L’association de défense de la langue française (section de Franche-Comté), dans le cadre des Rendez-vous de l’histoire du Cercle suisse, à Besançon, recevait, mardi 15 mars, Philippe Thireau.

L’écrivain venait raconter comment il s’est intéressé à Benjamin Constant et surtout, à la liaison qu’il eut avec Isabelle de Charrière, une parfaite inconnue pour Philippe Thireau… et pour d’autres aussi sans doute. Qui connait Benjamin Constant, connait ses amours partagées avec Germaine de Staël. Mais Isabelle de Charrière ?

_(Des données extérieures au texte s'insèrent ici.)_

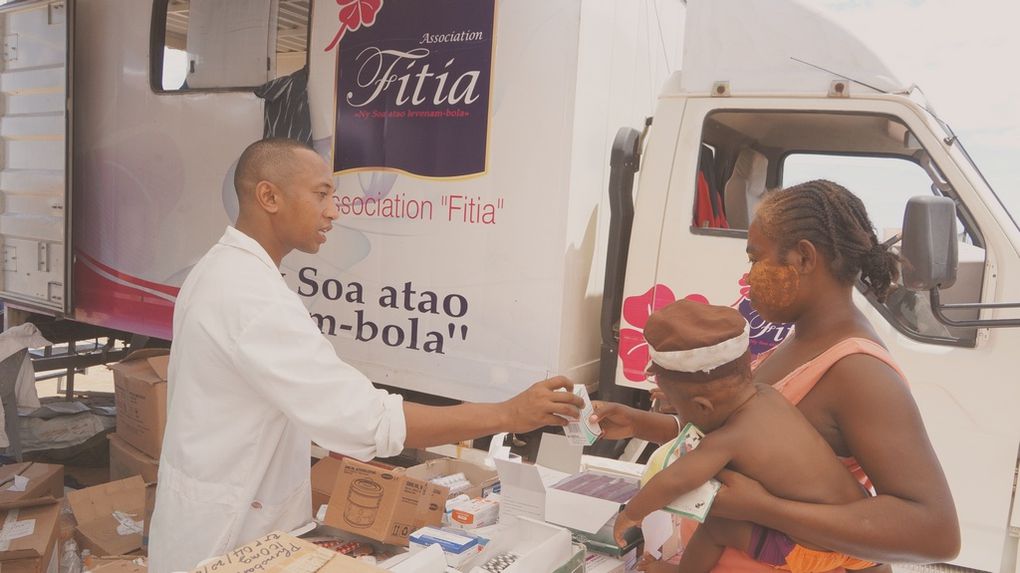 Les membres de l'Association Fitia à Ankiembe, Toliara, pour venir en aide aux sinistrés du cyclone Haruna. Photos: Harilala Randrianarison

Qui était cette femme, appelée aussi Belle de Zuilen, un nom à vous faire rêver ? Parti sur les traces de Stendhal, et sur celles de son passage à Lausanne, Philippe Thireau se souvient que Benjamin Constant est natif de cette ville. Il se replonge dans la lecture de Cécile, de Adolphe et du Cahier rouge. Et chemin faisant, il découvre une correspondance entre Benjamin et Isabelle. Et quelle correspondance ! Celle celant un amour véritable entre deux âmes tourmentées mais non folles, entre deux êtres assoiffés de tendresse et marqués par l’intellectualisme.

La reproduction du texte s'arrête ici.